In a new report, accounting watchdog Howard Schilit says IBM should be "roundly criticized for its policy of bundling one-time gains and other nonoperating activities into operating income." SG&A expenses, he says, should be "just that" -- and shouldn't include one-time charges or gains that don't reflect operating performance. Mr. Schilit's reports on such matters have a close following among money managers.
An IBM spokesman says it has been putting one-time gains and charges into SG&A since about 1994 and categorizes such items as "general" expenses.
IBM, Armonk, N.Y., has disclosed the dollar value and impact on earnings per share of the charges in the text accompanying its earnings releases, the spokesman said. The gains in both the second and third quarters were partially offset by unrelated charges, such as write-downs of other assets also included in the SG&A line.

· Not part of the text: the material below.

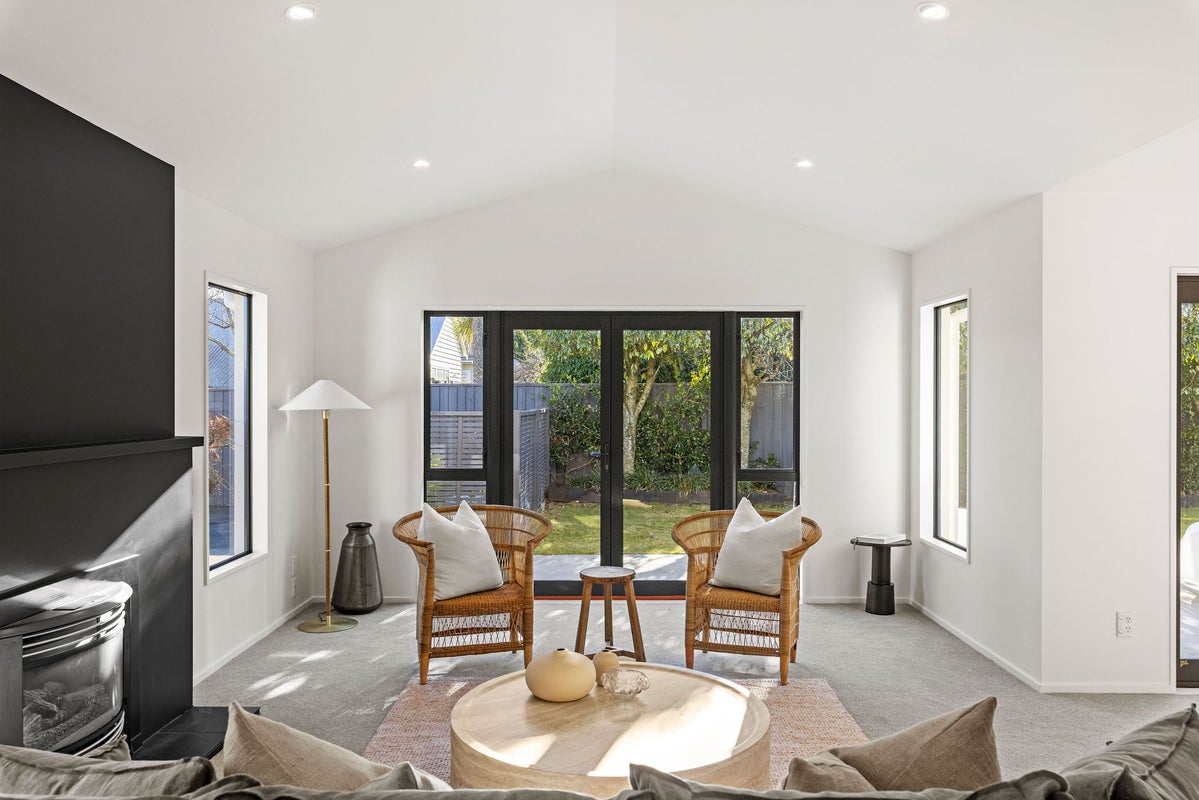 138 Barrington Street, Somerfield, Christchurch - Carousel 2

Instead of the $8.9 billion IBM reported in operating income for the first nine months, Mr. Schilit estimates it would have reported $6.5 billion without the AT&T gains and other one-time items reflected in the SG&A line. In the third quarter, he estimates the boost to operating income was $758 million.

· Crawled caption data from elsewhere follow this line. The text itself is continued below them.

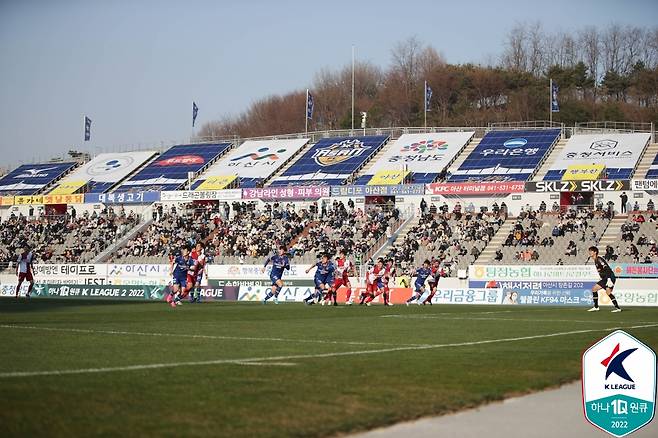 충남아산FC 홈구장 아산이순신종합운동잔 전경. /사진=한국프로축구연맹 제공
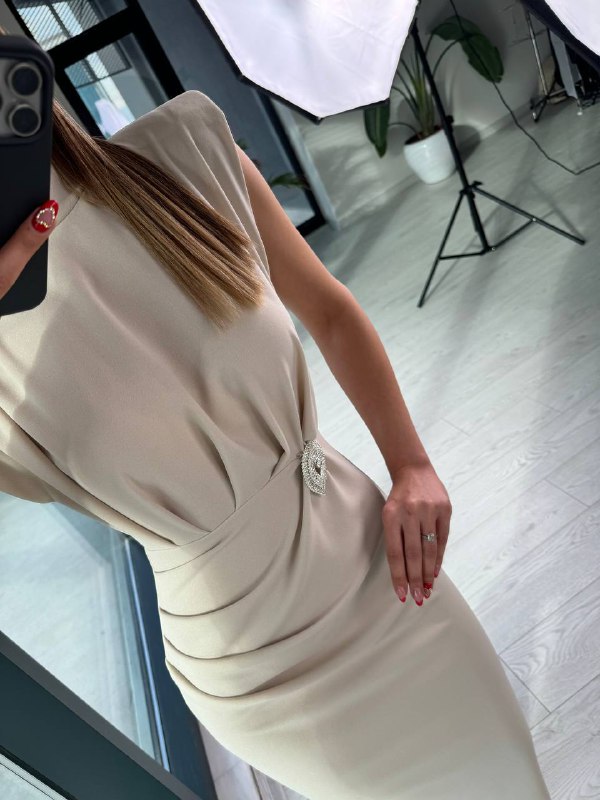 Bej%20Tasarım%20Broş%20Detaylı%20Drapeli%20Krep%20Elbise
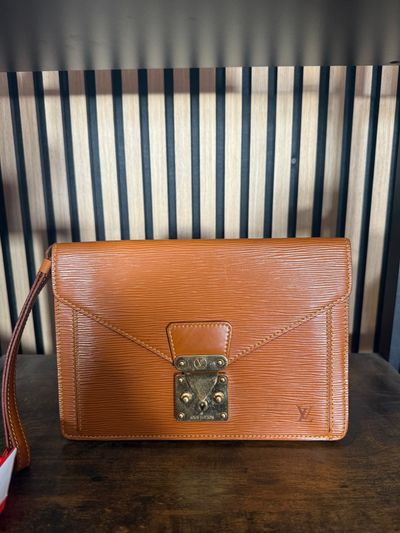 B68 Louis Vuitton Sellier Clutch Bag Beige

The IBM spokesman declined to comment on the analysis.
IBM's practice of defraying operating expenses with gains makes it difficult for investors and analysts to quickly work out the company's true performance, said Gary Helmig, an analyst with SoundView Technology Group. But he says it doesn't matter to the bottom line -- and thus, isn't that important.

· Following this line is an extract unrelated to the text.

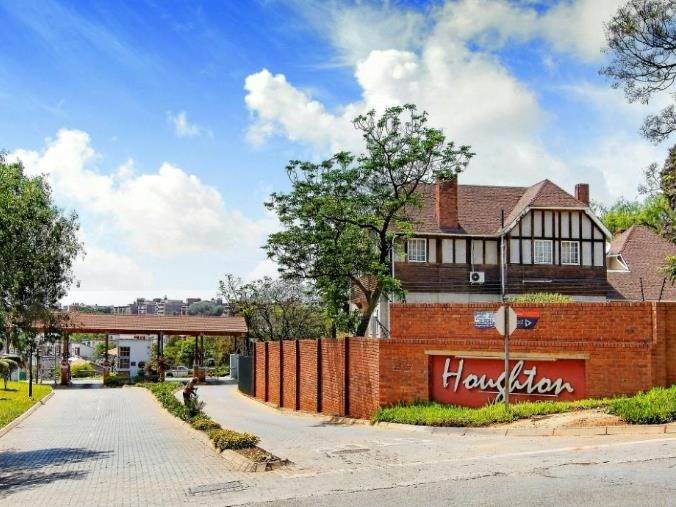 House to rent in Houghton Estate Houghton Village ,no 6 Boundary Rd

But that isn't necessarily the bottom line with federal regulators. According to Securities and Exchange Commission regulations, companies should include gains from material asset sales in a line-item called "non-operating income" that sits below operating income, says Paul Kepple, a senior accounting fellow at the SEC. The $4 billion gain IBM booked "would seem to be material," and thus should "generally" be treated as a nonoperating item, Mr. Kepple adds.
Meanwhile, the Financial Accounting Standards Board, the body to which the SEC delegates accounting standards, doesn't offer guidance about the proper place to record such gains as asset sales, according to Robert J. Laux, a FASB industry fellow. But Mr. Laux says companies generally break out such items below the operating income line.
Mr. Helmig says after IBM released its third-quarter results last month, he suggested to company officials they break out the figure so it would show operating income minus the one-time gains and charges. He says he received no response. The IBM spokesman declined to comment.
The gains and offsetting charges are explained in footnotes and management discussion sections of IBM filings with the SEC. But Mr. Schilit, who runs the Center for Financial Research and Analysis, a Rockville, Md., accounting-research organization, says without a discrete line item for such one-time items, investors could have a hard time evaluating IBM's financial performance. Mr. Schilit calls IBM's practice "pretty unusual" and says it doesn't conform to what most other companies do.
IBM's practice "muddies the water," Mr. Schilit says, and causes investors to "lose confidence when we look at the company's operating income in future periods."
He predicts some investors might be more skeptical when reading future IBM earning releases, asking themselves: "Is that really the company's operating income?"